Much of the conversation proceeded as a back and forth among councilors and Mathis. Some councilors expressed reservations about the new design. Others were all-in. However, even during this conversation, the poor communication between the mayor and the council resurfaced.
“The Council has not been consulted, and when we are consulted it is at the last minute,” at-large Councilor Kateri Walsh said, referring to several items. Turning to Mathis, she suggested the Council have a seat at the table in future discussion. “Ultimately, you need our approval,” she noted.
Mathis who arrived early in the meeting well before MGM was being debated added, “I sensed that at the start of the discussion.” He appeared open to more direct Council participation.
Councilor Allen asked MGM to produce a calendar for the next few months including gaming commission hearings and presentations before the Council for site review and amendments to the host community agreement.
“That to me helps to inform me what I need to know,” for future meetings, Allen said, and know “where we add value, we were are superfluous.” Mathis agreed.
Fenton, ceding the gavel to participate in the debate, expressed his reservations, but also made clear he was not seeking answers from Mathis at that moment.
“When the time comes, we should know what are they saving,” he said,” What is the benefit to the city?” referring to the absence of the tower.
But Fenton also noted that MGM is not entirely responsible, “Our internal municipal dysfunction is our business and not yours.”
Still, Mathis had a front row seat to it. Earlier, DPW chief Christopher Cignoli discussed the jersey barriers were placed along Main Street near State in anticipation of MGM-related utility work and construction. With sidewalks closed, the barriers allow pedestrians to use to road instead. However, businesses such as McCaffrey’s Public House have lost street parking for their patrons.
The approximate location of the barriers.
Allen said McCaffrey’s has suffered a 22% decline in business and laid off employees since the barriers went up. Caring Health Center and Red Rose Pizzeria, both closer to Union Street, have also experienced problems.

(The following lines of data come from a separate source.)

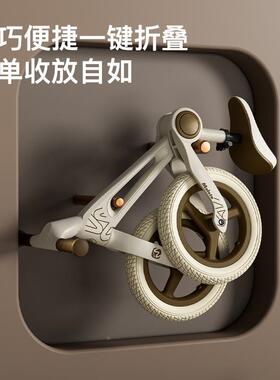 平衡车儿15633童无-脚踏1-35岁学宝步宝滑行车步车滑车可折叠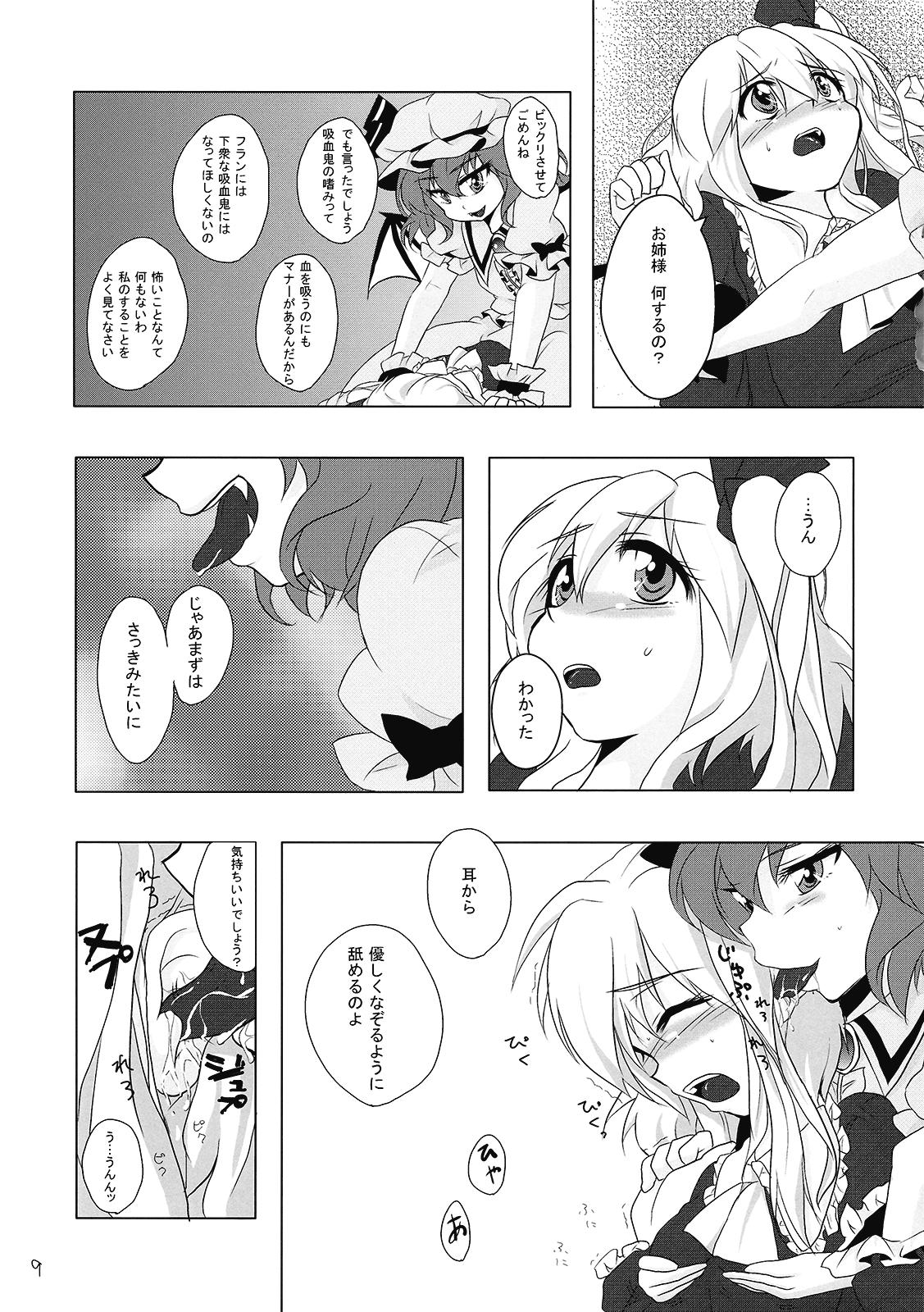 Girlongirl 吸血鬼のすゝめ - Touhou project Horny - Page 11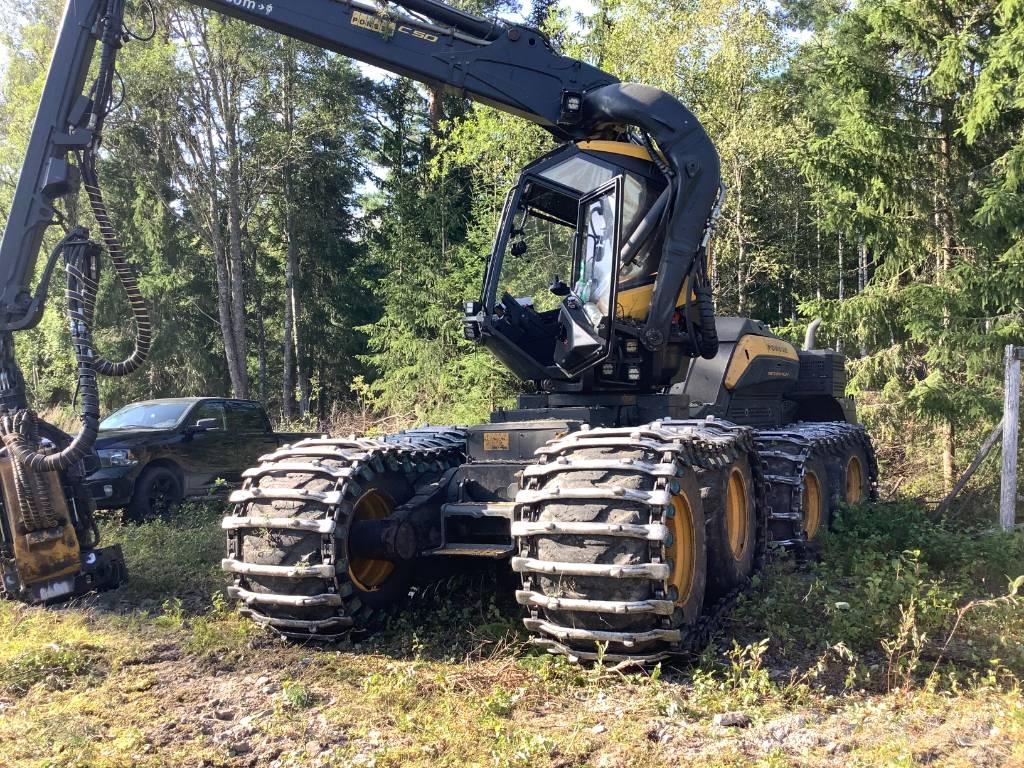 Ponsse Scorpion Harvestory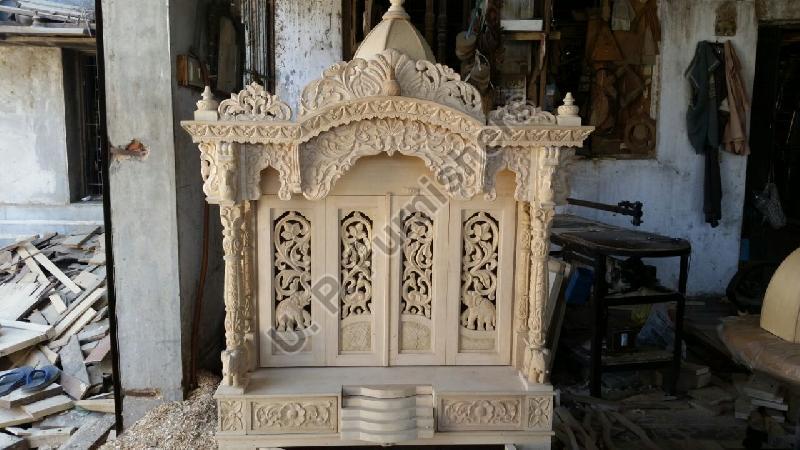 Wooden Temple 01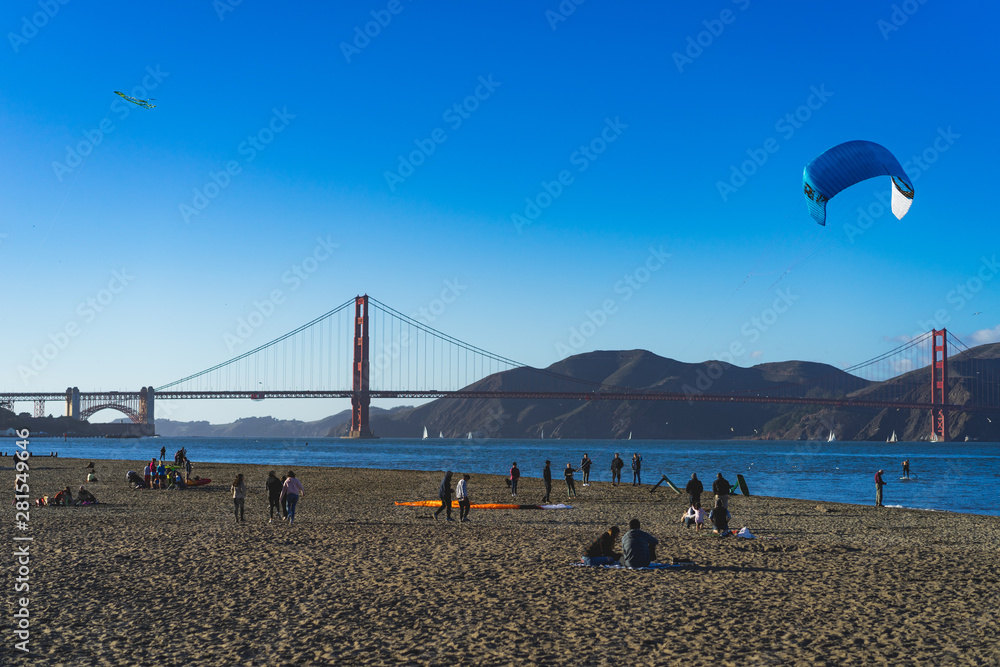 Fototapeta premium Golden Gate Bridge
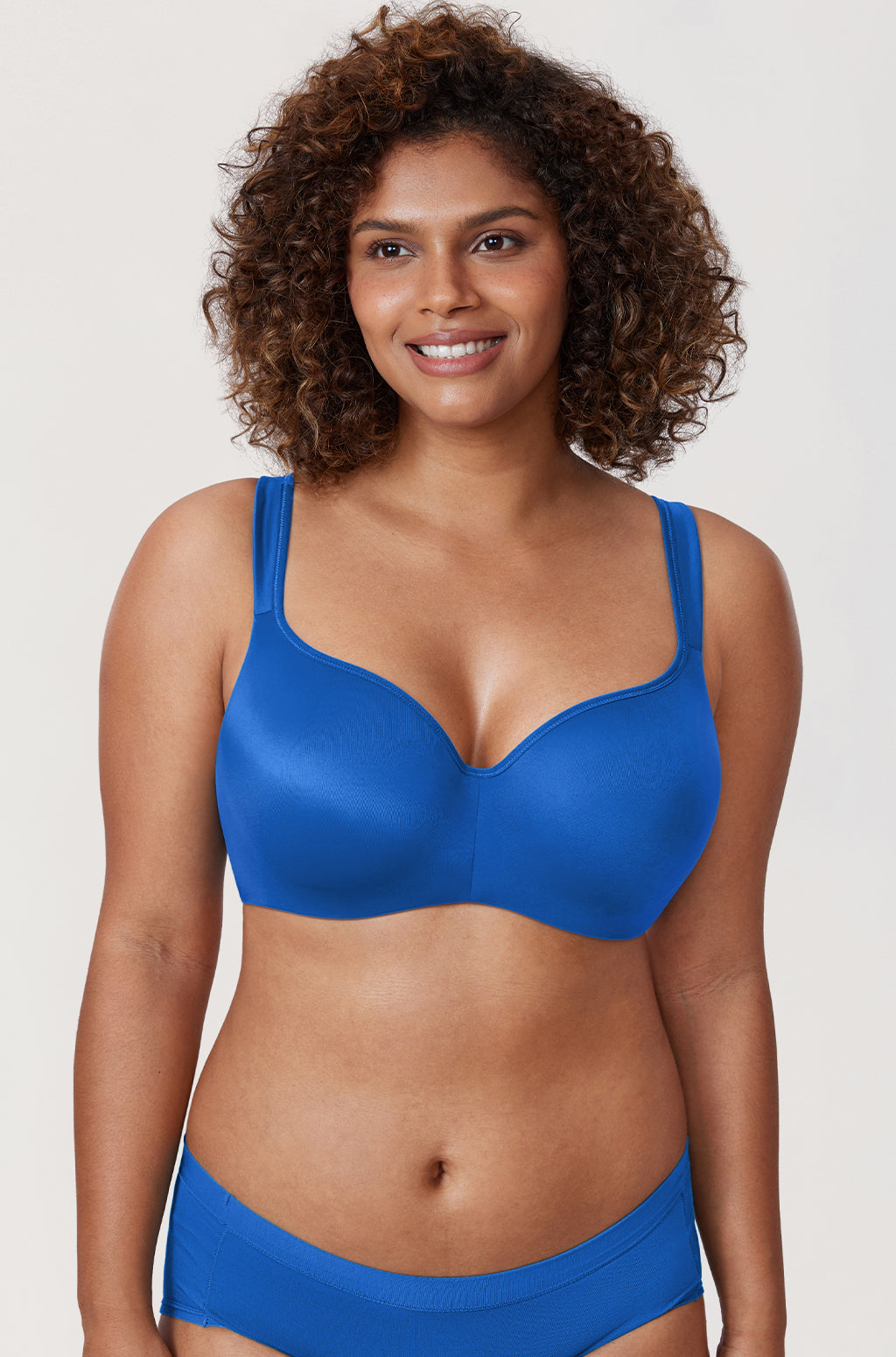 Seamless Underwire Bra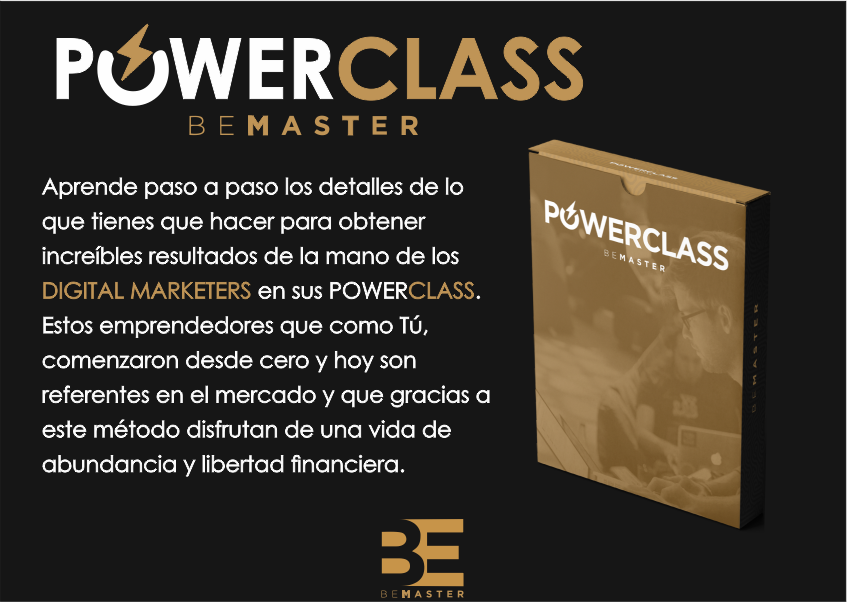 Afiliado Master Powerclass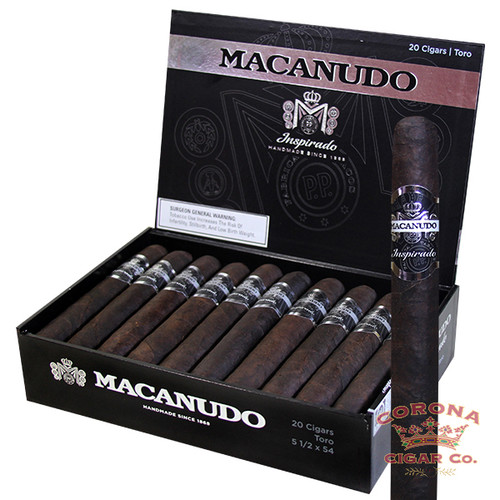 Macanudo Inspirado Black Toro (5 3/4 x 52)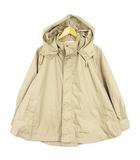 バックナンバー BACK NUMBER マウンテンパーカー 綿 F ベージュ kz12599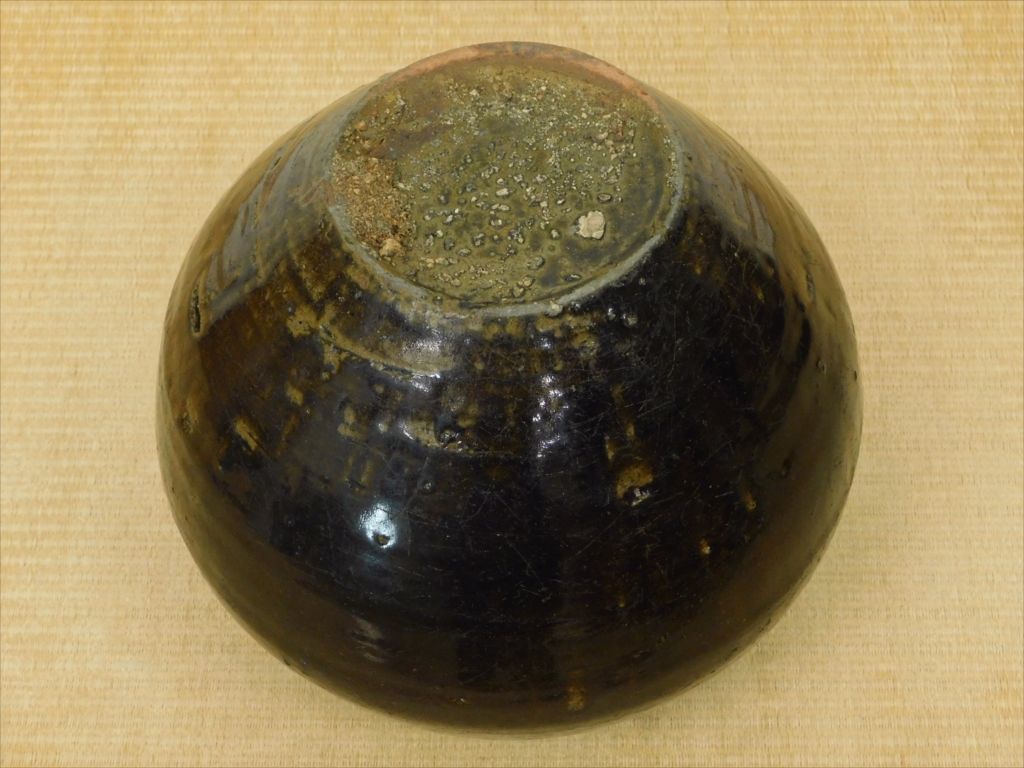 韓国美術 李朝時代 青白磁 JUN041 李朝紙縒壺 朝鮮美術 古民芸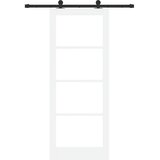  Klizna vrata ORKDAL Bijelo 83 x 211 cm | shoptok.hr
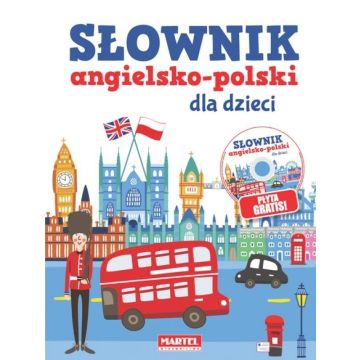 Słownik angielsko-polski dla dzieci + CD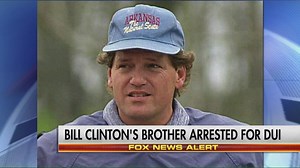 Former President Bill Clinton's brother, Roger Clinton, has been arrested for DUI in Redondo Beach, California. | Fox News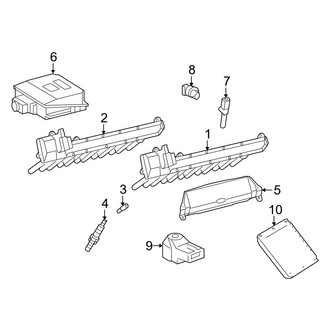 Mercedes-Benz OE - Electrical - Ignition System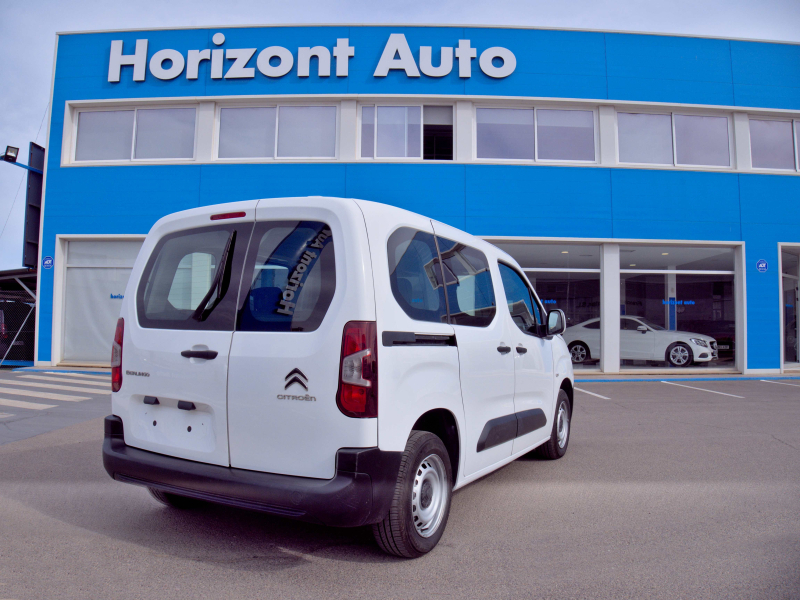Citroen Berlingo Talla M 1.5BHDi Live 100cv Blanco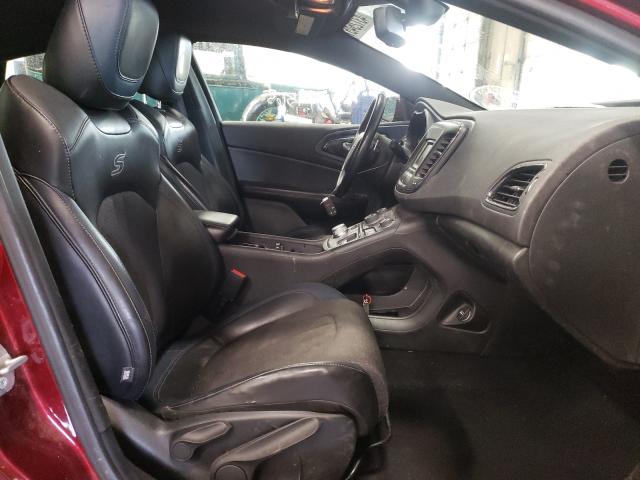 2015 CHRYSLER 200 S 1C3CCCBB9FN520640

DPW has the authority to initiate temporary road changes for 120 days. That order technically ran out at the end of August, yet the barriers endured. The Traffic Commission, which refers permanent road changes to the Council, does not meet until November, while Councilors had an order Tuesday night to move the barriers immediately.
However, Cignoli cautioned, removing them would require DPW to take away parking on the other side of the street, where McCaffrey’s is located, to facilitate needed utility work safely.
“Is there any compromise position that allow businesses that are there…to have parking there for a certain period of time?” Allen asked.
Although acknowledging parking has disappeared, Cignoli said only eight spaces on Main Street were affected. Moreover, the host community agreement with MGM permanently eliminates the spots.
Allen made a motion to committee, but Fenton, speaking from the floor, opposed it.
“The rules of the road is a City Council decision,” he said. Though the changes are in the agreement with MGM, he said the Council was to be fully involved in enacting those changes, rather than effected by the DPW’s temporary powers.
“The spirit is for the department to test road impediments,” Fenton asserted. “I believe that the barriers are illegal. It is clear that the authority to place them there for this period of time is only in this room”
Nevertheless, over Fenton’s objection, councilors sent the matter to the Maintenance and Development Committee for further review.
Many councilors expressed frustration at the mayor leaving the body in the dark, but only Fenton articulated it as a diminution of the Council’s power. Like Ramos’s discussing the TIF though, Fenton’s remarks seemed as much a defense as a warning about the decay of checks and balances in Springfield.
“I’m constantly struggling to make sure we are respected in these process,” he said. “My intentions are true and honest, to be sure we play the role we are required to under the charter.”